Nanospace-Confined High-Temperature Solid-State Reactions: Versatile Synthetic Route for High-Diversity Pool of Catalytic Nanocrystals

Abstract

The present study proposes a methodology to extend the utility of solid-state reactions to a synthetic route for producing a high-diversity pool of nanocrystals (NCs) by circumventing the problematic sintering of nanoparticles at high temperatures. For this purpose, nanometer-scale-confined NC formations/transformations were investigated using specifically designed SiO2 nanospheres with a radially differentiated core@shell structure as a reaction medium.
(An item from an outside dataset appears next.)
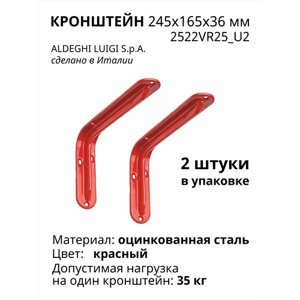 Кронштейн ALDEGHI LUIGI S. p. A. усиленный 245х165х36 мм, оцинкованный, цвет: красный, 35 кг, 2 шт.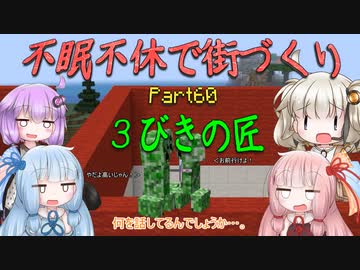 【Minecraft】紲星あかりの不眠不休で街づくり　Part60「VOICEROID実況」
The core of the SiO2 medium was modified by aminosilanes, thus providing binding sites for the metal ions and enabling, pore creation through thermochemical treatment. This hindered the outward diffusion of fast-moving tiny species initially generated within the tens of nanometers-sized medium. The entire evolution process of Pd NCs during the high temperature reaction was confined within the SiO2 nanosphere, which transforms from the amine containing nanosphere, Pd2+/SiO2(NH2), to a hollow nanosphere, Pd@h-SiO2. This nanoscale confinement strategy was applicable to the first -row transition metals with high diffusivity in SiO2 medium. Accordingly, M2+/SiO2(NH2)(2) (M = Co, Ni, or Cu) and (Pd2+/M2+)/SiO2(NH2)(2) were thermally developed into M@h-SiO2 and MPd@h-SiO2, producing single crystalline NCs of metals and their Pd alloys, respectively. The variability of the product was further enhanced by subsequent thermal treatment of MPd@h-SiO(2)s in the presence of air, which led to the conversion of MPd alloy NCs into Pd/MxOy (MxPy = NiO or Co3O4) and Pd-0.64.Cu-0.36/CuOx hybrid NCs with metal/metal-oxide heterojunction interfaces while being confined into the SiO2 nanosphere. Moreover, the evolution process of the PdCo NCs was examined under nanoscale confinement in the rarely explored high-temperature and solid-state environments. The findings revealed that the belatedly reduced Co atoms were incorporated gradually into the lattice of the preformed Pd NC with increasing annealing temperature, developing into a random alloyed PdCo phase. The comparative investigation of catalytic activities of the pool of Pd-based NCs produced by the nanospace-confined solid-state reactions revealed that the Pd/Co3O4 NC, with a strong metal support-interaction effect at the heterojunction interface, exhibits the highest performance in catalyzing the CO oxidation reaction.